Les escrocs, psychologues avisés, pour la plupart, exploitent volontiers la confiance aveugle que les hommes. de quelque pays qu'ils soient, éprouvent devant le titre ou le galon. Nous avons vu naguère un faux commissaire de police, ceinturé de tricolore, pénétrer dans un tripot et rafler les enjeux : personne n'osa seulement le prier d'exhiber son mandat. Nous vous avons vu cet autre coquin, qui se disait administrateur principal des colonies et se promenait avec un magnifique costume tout brodé d'or, escroquer tout un département, mettre dedans campagnards et citadins, commerçants et fonctionnaires. et jusqu'aux conseillers - généraux, jusqu'aux curés, jusqu'au colonel du régiment.

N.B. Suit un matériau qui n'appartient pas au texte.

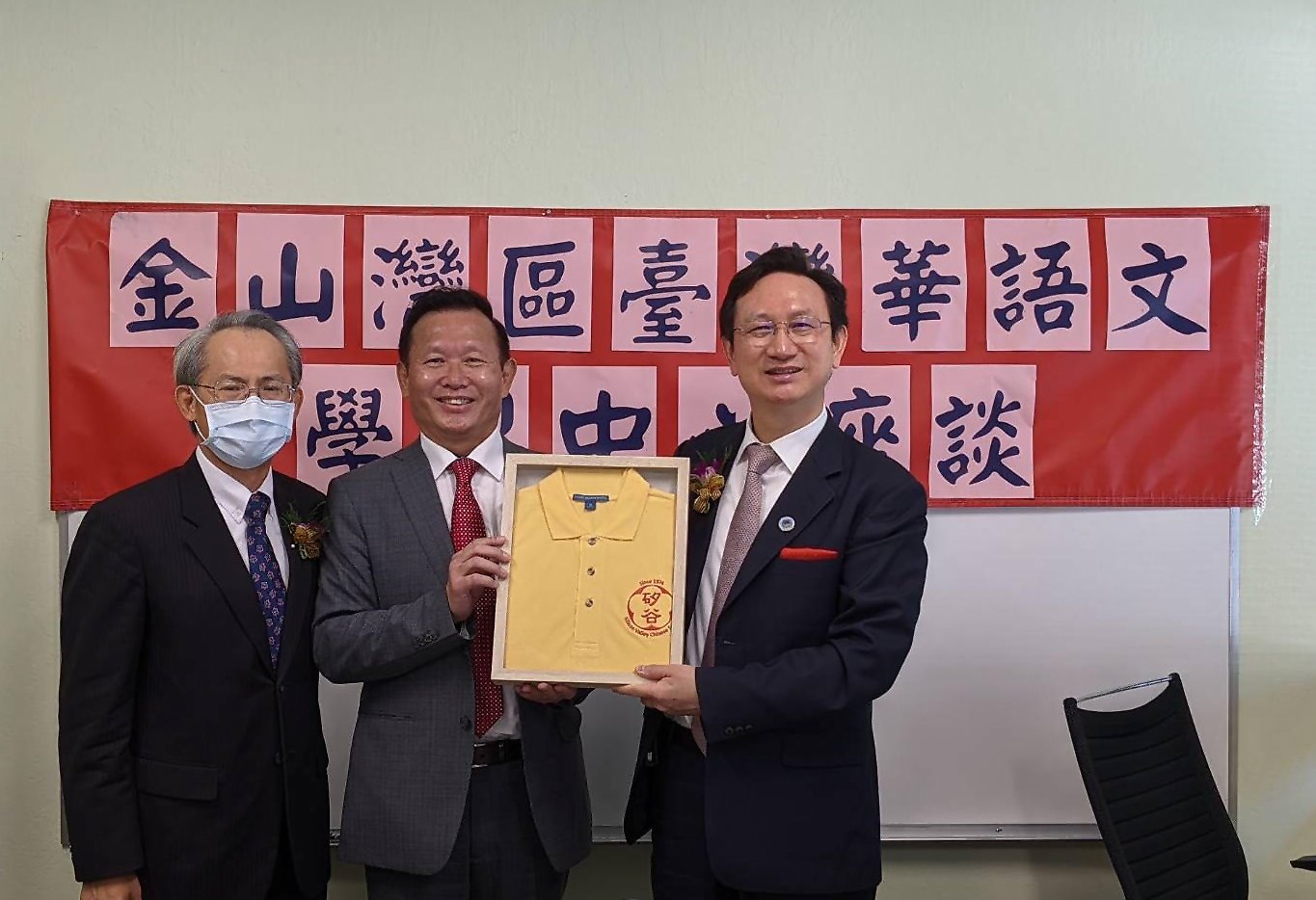 寇惠風校長向童振源委員長致贈矽谷中文學校紀念校服，左側為駐舊金山臺北經濟文化辦事處賴銘琪處長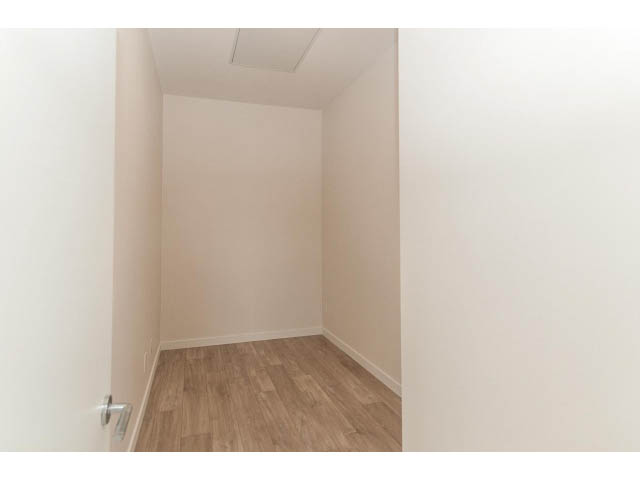 Bright den with hardwood floors and white walls. - 402 - 625 East 3rd Street, North Vancouver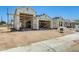New construction featuring a three-car garage, ready for customization at 14723 N 73Rd Dr, Peoria, AZ 85381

A défaut du galon, la fonction officielle : vous rappelez-vous cet ingénieux filou qui mit en coupe réglée les châtelains de toute une région de l'Ouest, auxquels il se présentait comme
« ingénieur de l'État, vérificateur des paratonnerres »
Ne rions pas trop de ceux qui se laissent prendre inconsidérément au prestige du titre, de l'uniforme, voire de la simple casquette galonnée : c'est une vieille faiblesse humaine à laquelle on n'est jamais sûr de ne pas succomber.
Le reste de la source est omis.